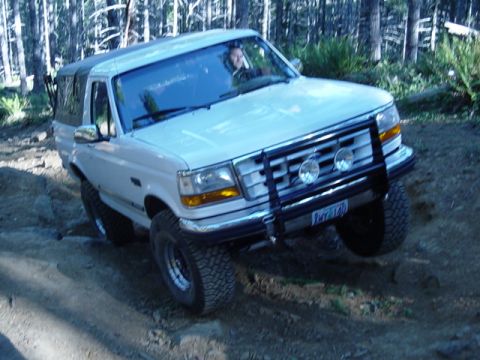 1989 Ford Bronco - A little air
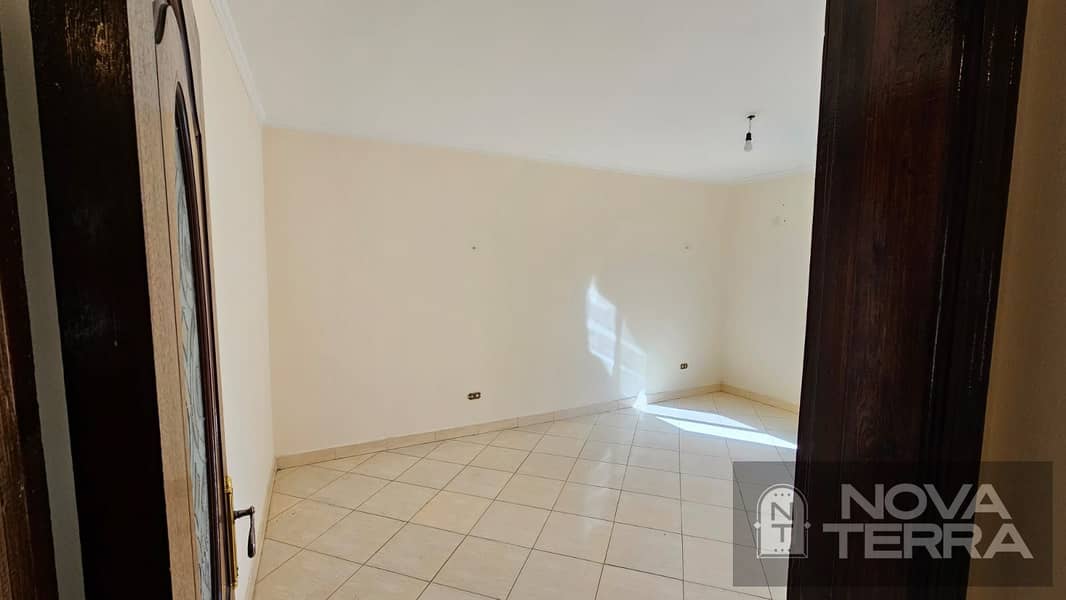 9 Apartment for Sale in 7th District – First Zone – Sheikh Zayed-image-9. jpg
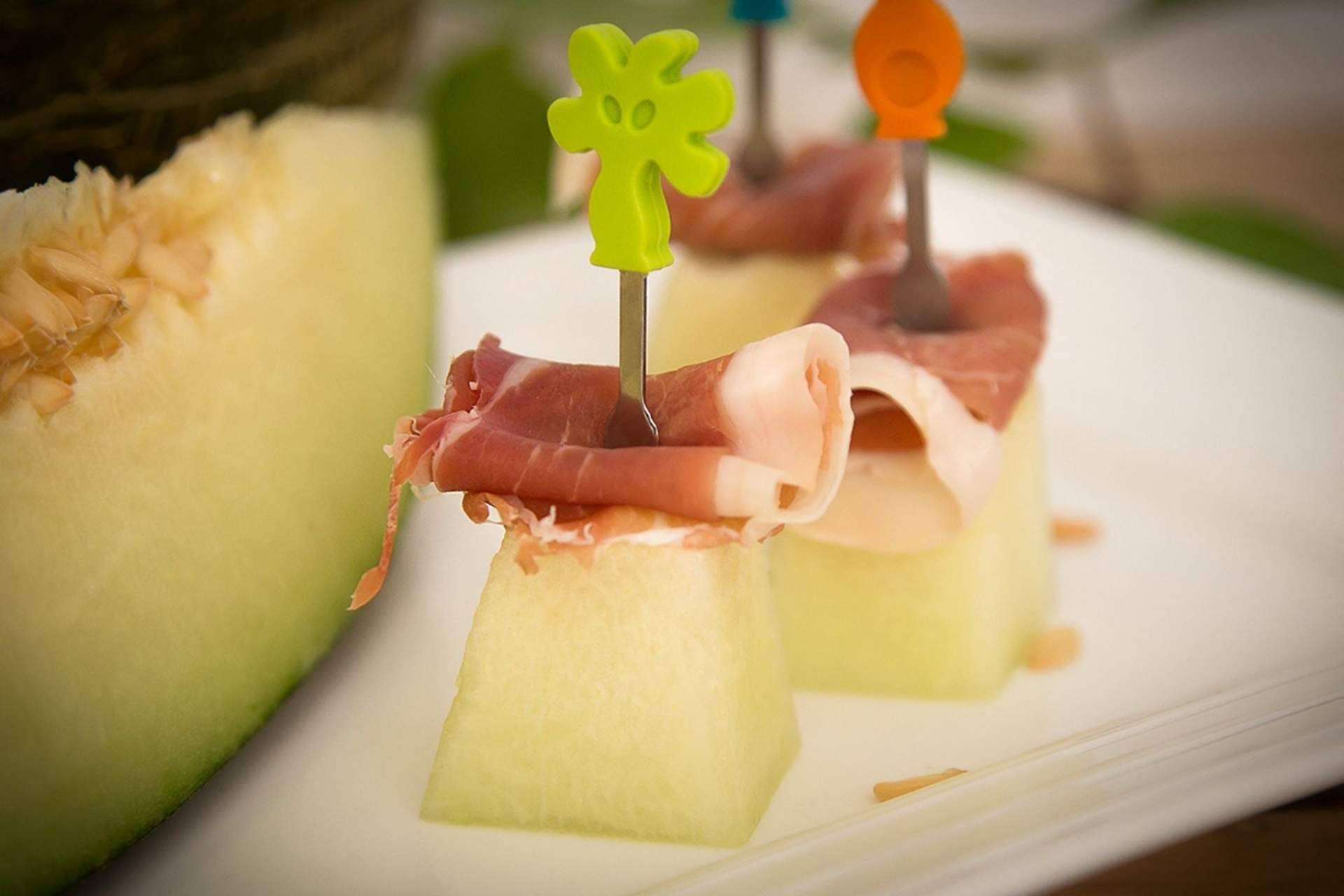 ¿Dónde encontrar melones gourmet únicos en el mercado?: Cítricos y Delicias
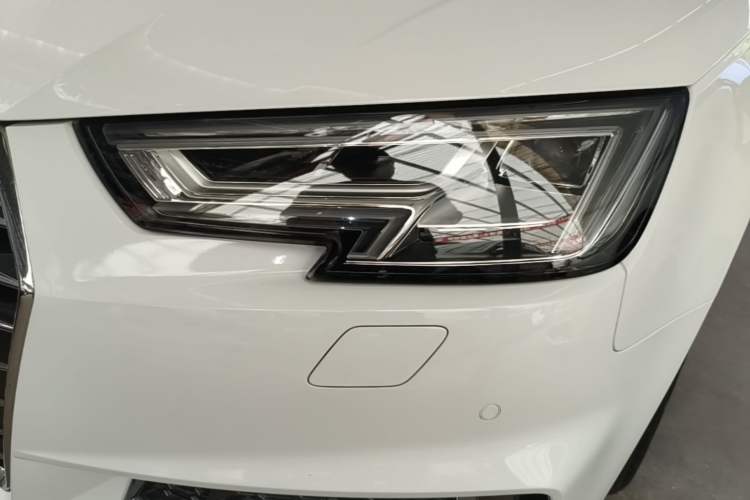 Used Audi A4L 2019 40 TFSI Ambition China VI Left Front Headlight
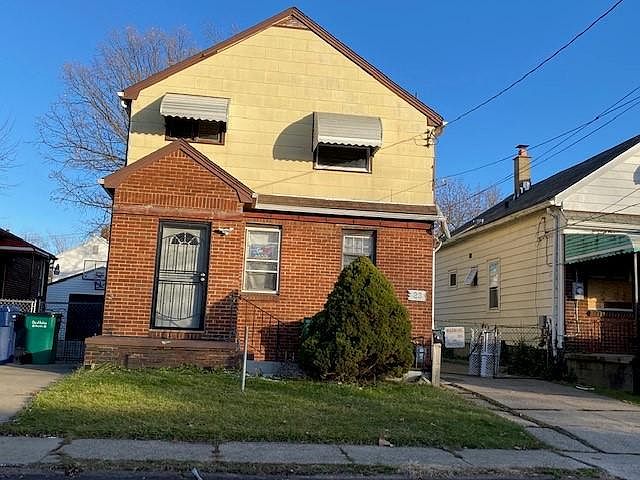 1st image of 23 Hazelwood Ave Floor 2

════════

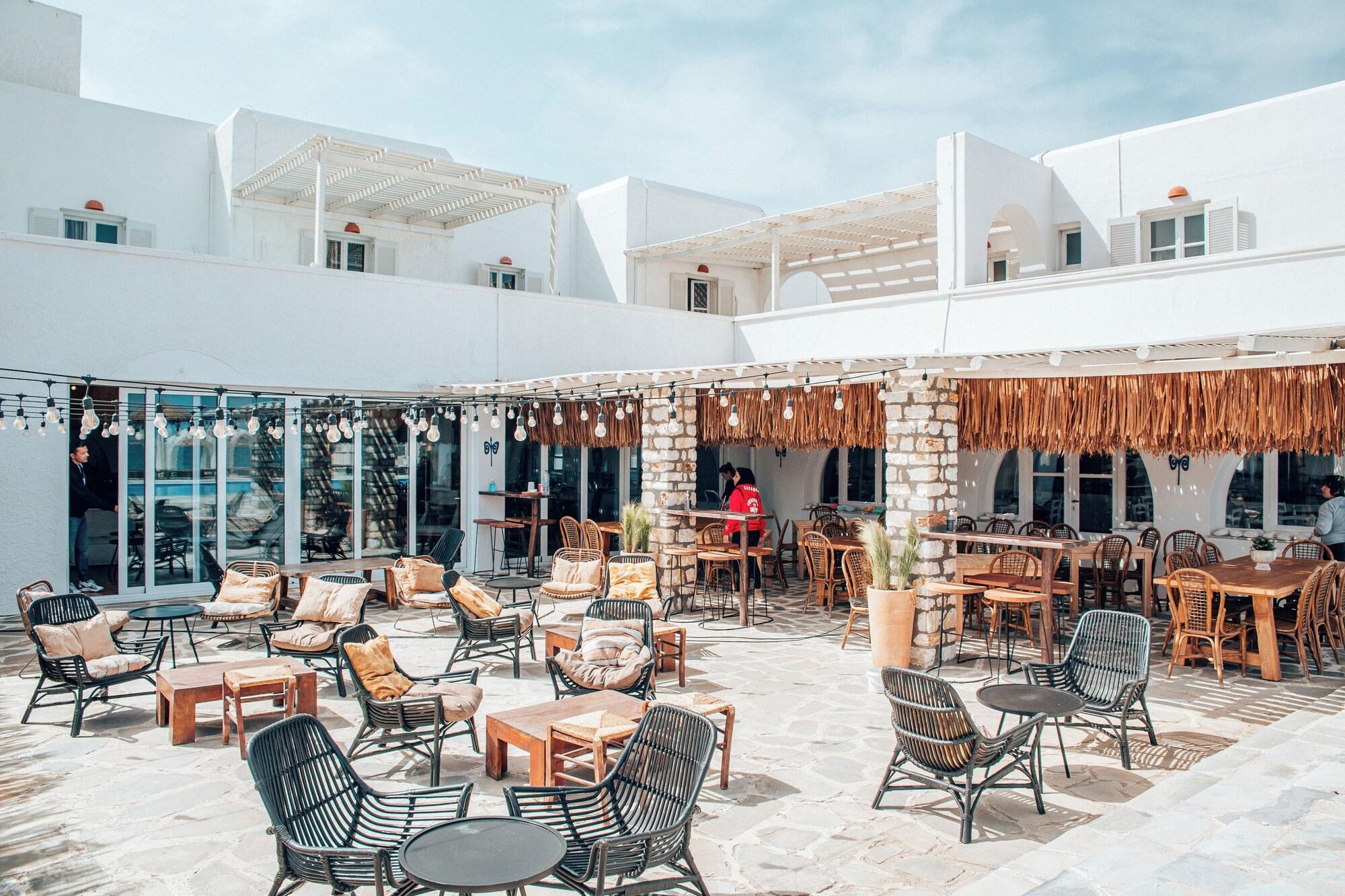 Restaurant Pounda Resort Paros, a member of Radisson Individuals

════════

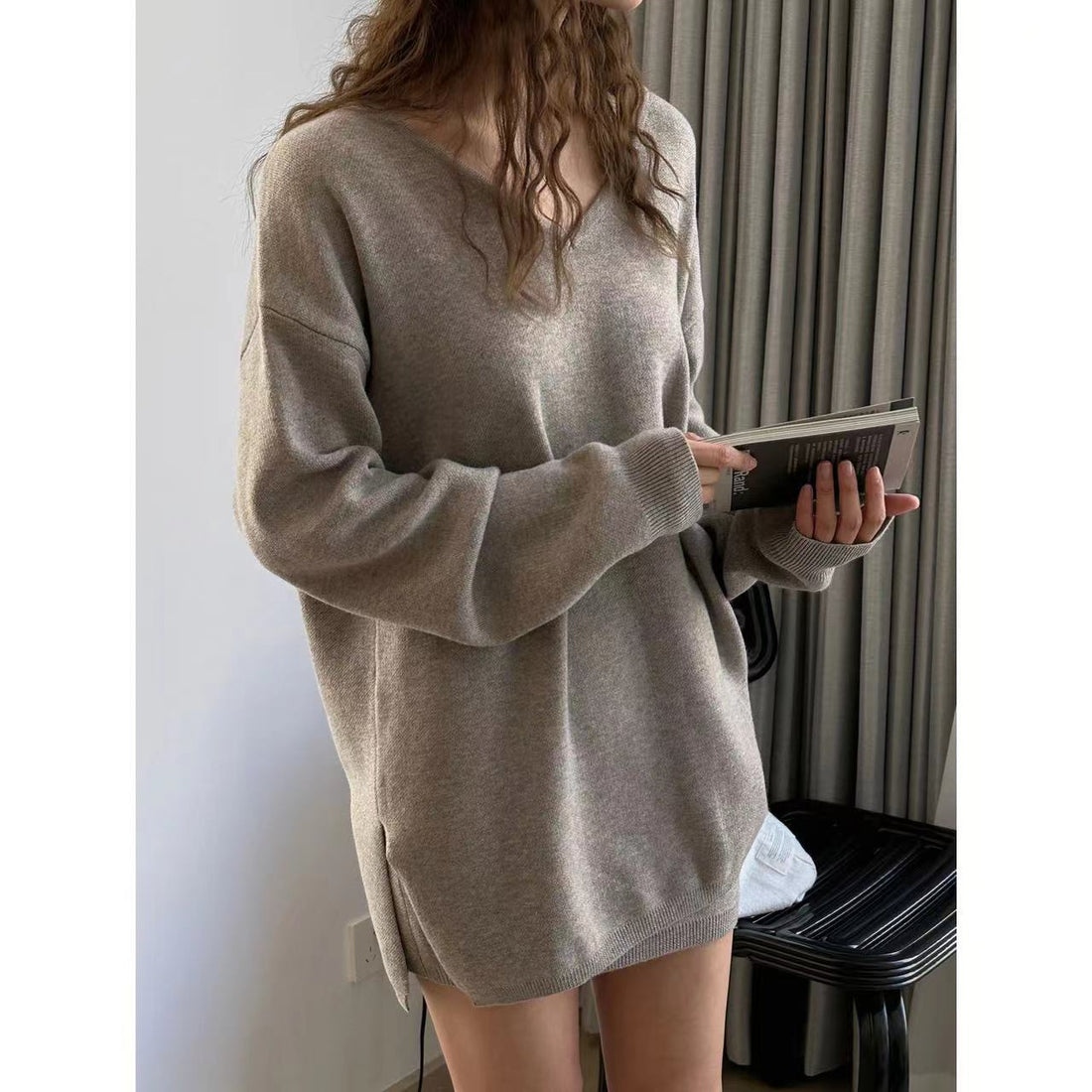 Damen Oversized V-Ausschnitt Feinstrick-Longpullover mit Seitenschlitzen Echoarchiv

════════

WHAT IS NEEDED »
From the records above, copy only the lines running from the line holding "Used Audi A4L" through the line holding "1st image of 23 Hazelwood Ave Floor 2", with no pictures.

TASK SOLUTION »
 Used Audi A4L 2019 40 TFSI Ambition China VI Left Front Headlight
 1st image of 23 Hazelwood Ave Floor 2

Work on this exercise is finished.